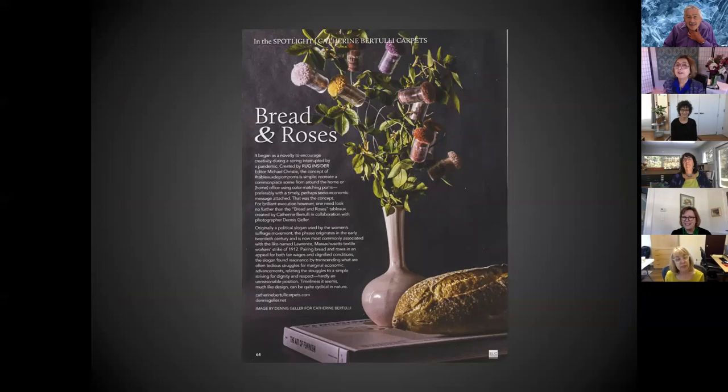During the pandemic, rug designers were a little bored, so Rug and Cider Magazine — which also featured Shelley's Ribboned Flowers rug — spotlighted my company. With Dennis's help, we did a Bread and Roses concept where the roses were the yarn palettes. It was really fun.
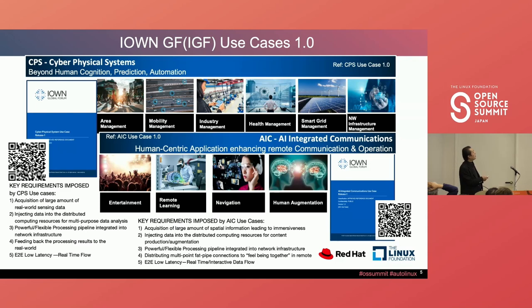I classify them into two types: one is cyber-physical systems, the other is AI-integrated communication use cases. We summarized five key requirements. One big issue is low processor latency — as long as we deploy optical fiber infrastructure, the network latency equals the distance latency based on photonics. But even with a photonic network, the problem remains computing processing latency.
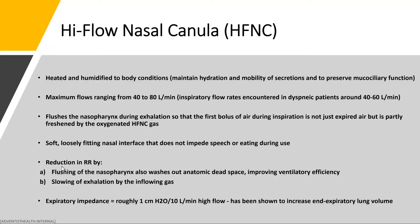High-flow nasal cannula decreases the respiratory rate by flushing of the nasal pharynx, and it also washes out anatomic dead space, which improves ventilatory efficiency. It also has a slowing of exhalation by the inflowing gases. This last point is important because you roughly get a PEEP effect — what we call expiratory impedance. You get roughly one centimeter of water per every 10 liters of flow, and this has been shown to increase end-expiratory lung volume.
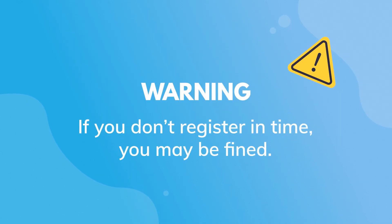If you are a sole trader, don't forget you need to register with HMRC before the 5th of October in your business's second tax year. If you don't register in time, you may get hit with a fine — so let's not do that.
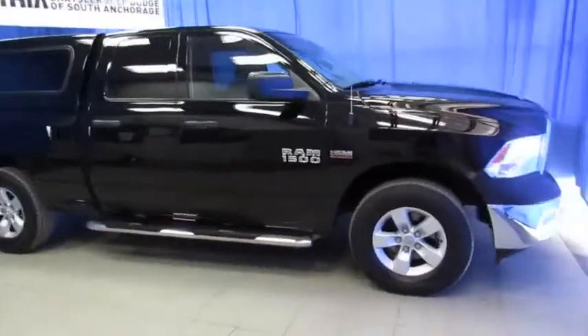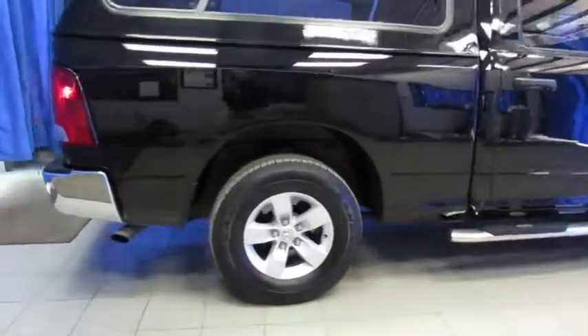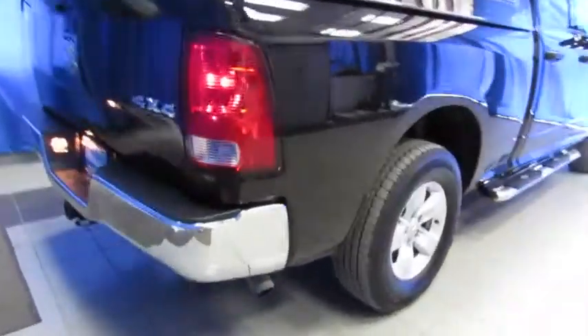If you've been looking for the opportunity to purchase a pre-owned Ram truck with a color-matched camper shell, come check this one out at Lithia Chrysler Jeep Dodge Ram of South Anchorage, 9600 Old Seward Highway, halfway between Diamond and O'Malley, right next to United Rentals.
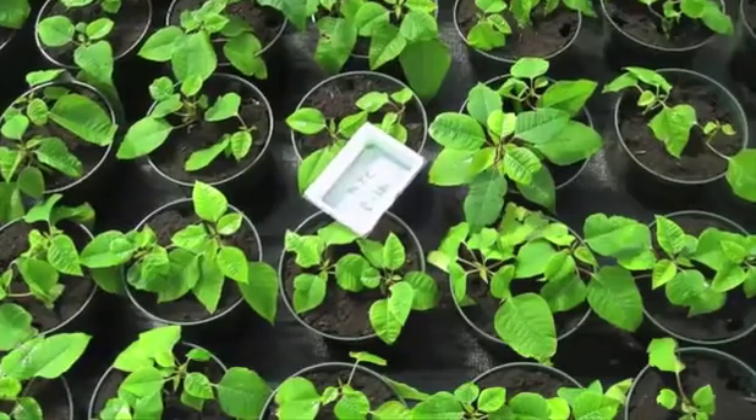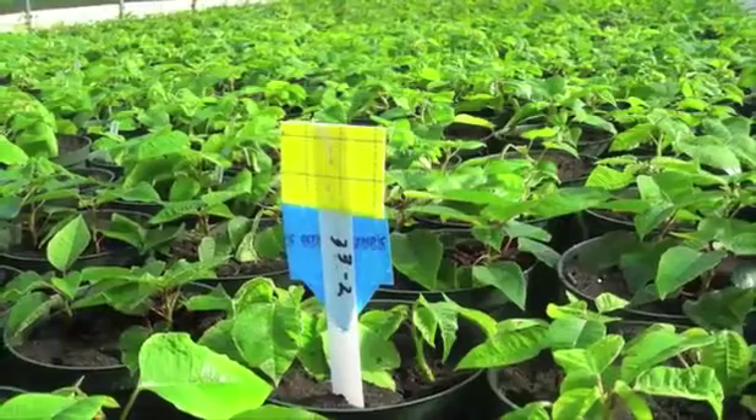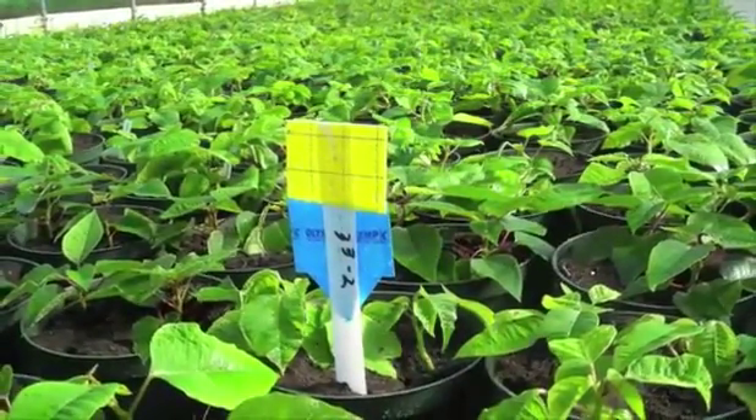For applications targeting the soil, apply in a sufficient volume to thoroughly soak the soil or growing media, but not beyond the point where water overflows or leaches from the pot.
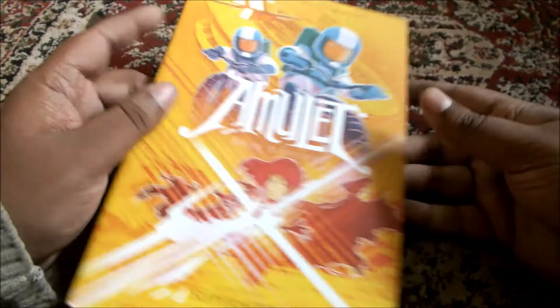All 8 books of Amulet. As always, if you have any comments, any suggestions, or anything to say at all, please feel free to comment down below in the comment section. Happy reading, thank you.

++++

**What is being asked**
Find the line containing "For applications targeting" in the records above and restate it, and each line after it through the end, word for word, dropping the pictures.

**Reply**
For applications targeting the soil, apply in a sufficient volume to thoroughly soak the soil or growing media, but not beyond the point where water overflows or leaches from the pot.
All 8 books of Amulet. As always, if you have any comments, any suggestions, or anything to say at all, please feel free to comment down below in the comment section. Happy reading, thank you.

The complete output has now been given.